━━ DATA PROVIDED ━━

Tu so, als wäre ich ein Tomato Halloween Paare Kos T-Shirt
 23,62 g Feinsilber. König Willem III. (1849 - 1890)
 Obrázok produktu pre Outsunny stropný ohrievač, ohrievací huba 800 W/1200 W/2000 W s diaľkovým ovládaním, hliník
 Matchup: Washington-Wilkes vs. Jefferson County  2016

━━━

### TASK:
Each line of the data must be copied exactly as it appears.

### COMPLETED TASK:
Tu so, als wäre ich ein Tomato Halloween Paare Kos T-Shirt
 23,62 g Feinsilber. König Willem III. (1849 - 1890)
 Obrázok produktu pre Outsunny stropný ohrievač, ohrievací huba 800 W/1200 W/2000 W s diaľkovým ovládaním, hliník
 Matchup: Washington-Wilkes vs. Jefferson County  2016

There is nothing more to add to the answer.